You can show that $\| A \|_1$ is the maximum absolute column sum of $A$, $\| A \|_\infty$ is the maximum absolute row sum of $A$, and $\| A \|_2$ is the largest singular value of $A$.


Further comments: Here is a brief explanation or intuition for the above facts. To see that $\| A \|_1$ is the maximum absolute column sum, we can think about how to select $x$ so that $\| Ax \|_1$ is as large as possible. In selecting the components of $x$, we have a "budget" constraint that $\| x \|_1 = 1$. $Ax$ is a linear combination of the columns of $A$, and it makes sense to spend the entire budget on the best column of $A$.

To make $\| Ax \|_\infty$ as large as possible, subject to the constraint that $\|x\|_\infty = 1$, note that $Ax$ has one component for each row of $A$. The best choice of $x$ will have all components equal to $\pm 1$.

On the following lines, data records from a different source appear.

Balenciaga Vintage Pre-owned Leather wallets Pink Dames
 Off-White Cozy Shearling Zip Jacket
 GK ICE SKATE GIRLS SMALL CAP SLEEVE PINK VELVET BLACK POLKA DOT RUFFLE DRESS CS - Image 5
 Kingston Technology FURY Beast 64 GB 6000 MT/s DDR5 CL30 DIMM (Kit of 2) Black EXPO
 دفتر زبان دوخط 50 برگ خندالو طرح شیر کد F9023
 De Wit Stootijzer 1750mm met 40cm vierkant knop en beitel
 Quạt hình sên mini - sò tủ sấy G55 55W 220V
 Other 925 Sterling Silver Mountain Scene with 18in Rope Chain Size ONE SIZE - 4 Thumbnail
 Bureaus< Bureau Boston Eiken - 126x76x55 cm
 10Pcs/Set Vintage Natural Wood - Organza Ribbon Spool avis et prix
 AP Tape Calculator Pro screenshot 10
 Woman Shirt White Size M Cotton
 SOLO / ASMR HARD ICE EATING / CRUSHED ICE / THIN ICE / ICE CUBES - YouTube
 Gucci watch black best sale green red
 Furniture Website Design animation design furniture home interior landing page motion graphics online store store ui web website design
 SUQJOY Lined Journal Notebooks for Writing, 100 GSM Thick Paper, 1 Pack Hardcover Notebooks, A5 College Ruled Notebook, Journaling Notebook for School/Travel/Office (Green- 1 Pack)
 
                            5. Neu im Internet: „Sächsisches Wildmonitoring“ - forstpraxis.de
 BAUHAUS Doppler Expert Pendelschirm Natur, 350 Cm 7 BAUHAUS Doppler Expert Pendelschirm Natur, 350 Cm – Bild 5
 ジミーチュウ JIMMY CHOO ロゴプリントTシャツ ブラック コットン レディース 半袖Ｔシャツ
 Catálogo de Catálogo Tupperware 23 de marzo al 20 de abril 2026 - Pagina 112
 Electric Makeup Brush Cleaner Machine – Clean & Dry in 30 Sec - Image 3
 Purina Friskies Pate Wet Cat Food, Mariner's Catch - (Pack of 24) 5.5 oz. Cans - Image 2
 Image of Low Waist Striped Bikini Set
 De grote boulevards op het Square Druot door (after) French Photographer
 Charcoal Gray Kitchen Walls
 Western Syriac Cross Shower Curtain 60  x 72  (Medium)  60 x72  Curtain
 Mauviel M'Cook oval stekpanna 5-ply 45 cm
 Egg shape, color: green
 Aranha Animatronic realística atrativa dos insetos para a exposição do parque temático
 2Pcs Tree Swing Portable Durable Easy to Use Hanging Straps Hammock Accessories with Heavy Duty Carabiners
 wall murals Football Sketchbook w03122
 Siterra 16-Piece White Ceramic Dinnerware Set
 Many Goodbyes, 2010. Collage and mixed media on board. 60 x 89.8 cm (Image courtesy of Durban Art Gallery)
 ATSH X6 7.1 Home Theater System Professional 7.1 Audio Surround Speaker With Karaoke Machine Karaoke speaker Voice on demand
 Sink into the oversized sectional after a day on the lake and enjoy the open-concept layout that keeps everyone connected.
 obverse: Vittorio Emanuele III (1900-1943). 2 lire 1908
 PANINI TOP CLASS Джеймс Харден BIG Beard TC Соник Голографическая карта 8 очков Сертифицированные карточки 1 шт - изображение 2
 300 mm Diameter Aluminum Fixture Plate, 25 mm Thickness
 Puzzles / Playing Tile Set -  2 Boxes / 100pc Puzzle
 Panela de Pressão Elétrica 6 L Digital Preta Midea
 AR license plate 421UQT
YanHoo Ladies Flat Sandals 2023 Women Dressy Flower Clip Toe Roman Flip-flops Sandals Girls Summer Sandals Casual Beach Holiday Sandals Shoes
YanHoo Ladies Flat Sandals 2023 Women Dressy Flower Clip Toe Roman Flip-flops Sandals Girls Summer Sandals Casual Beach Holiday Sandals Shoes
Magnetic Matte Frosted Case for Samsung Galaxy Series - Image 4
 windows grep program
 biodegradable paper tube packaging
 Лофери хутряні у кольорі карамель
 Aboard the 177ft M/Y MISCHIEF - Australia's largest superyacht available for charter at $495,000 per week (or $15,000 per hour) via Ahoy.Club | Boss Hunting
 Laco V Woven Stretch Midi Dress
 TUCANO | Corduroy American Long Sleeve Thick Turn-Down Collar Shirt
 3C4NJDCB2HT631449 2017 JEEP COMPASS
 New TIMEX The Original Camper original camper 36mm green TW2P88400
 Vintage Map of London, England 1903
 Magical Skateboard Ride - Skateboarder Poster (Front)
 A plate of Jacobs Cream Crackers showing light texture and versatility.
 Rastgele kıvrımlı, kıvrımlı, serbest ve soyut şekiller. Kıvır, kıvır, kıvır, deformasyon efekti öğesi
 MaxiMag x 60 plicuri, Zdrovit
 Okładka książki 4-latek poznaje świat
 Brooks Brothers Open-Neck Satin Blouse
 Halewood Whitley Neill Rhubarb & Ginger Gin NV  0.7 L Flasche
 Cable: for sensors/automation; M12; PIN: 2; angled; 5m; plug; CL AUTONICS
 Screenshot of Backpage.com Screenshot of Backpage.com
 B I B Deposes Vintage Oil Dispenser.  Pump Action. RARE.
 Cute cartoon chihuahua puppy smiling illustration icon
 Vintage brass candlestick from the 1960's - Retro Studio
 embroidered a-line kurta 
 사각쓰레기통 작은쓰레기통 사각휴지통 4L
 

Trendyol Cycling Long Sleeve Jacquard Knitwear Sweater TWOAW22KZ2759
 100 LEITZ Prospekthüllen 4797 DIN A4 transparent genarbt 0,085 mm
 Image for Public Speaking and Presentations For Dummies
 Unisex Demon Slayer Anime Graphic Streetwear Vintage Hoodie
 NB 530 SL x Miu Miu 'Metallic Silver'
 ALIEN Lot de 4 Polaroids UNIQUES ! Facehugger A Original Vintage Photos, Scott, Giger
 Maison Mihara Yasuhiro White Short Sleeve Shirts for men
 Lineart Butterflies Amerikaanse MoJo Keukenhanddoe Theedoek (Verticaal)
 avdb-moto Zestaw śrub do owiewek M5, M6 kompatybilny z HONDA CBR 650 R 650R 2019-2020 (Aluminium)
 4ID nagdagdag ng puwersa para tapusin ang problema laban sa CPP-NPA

If $A = U \Sigma V^T$ is the SVD of $A$, then $\| Ax \|_2 = \| U \Sigma V^T x \|_2 = \| \Sigma y \|_2$, where $y = V^T x$. To make $\|Ax\|_2$ as large as possible, subject to $\|x\|_2 = \|y\|_2 = 1$, we should arrange for the entire mass of $y$ to be concentrated in one component, corresponding to the largest diagonal element of $\Sigma$.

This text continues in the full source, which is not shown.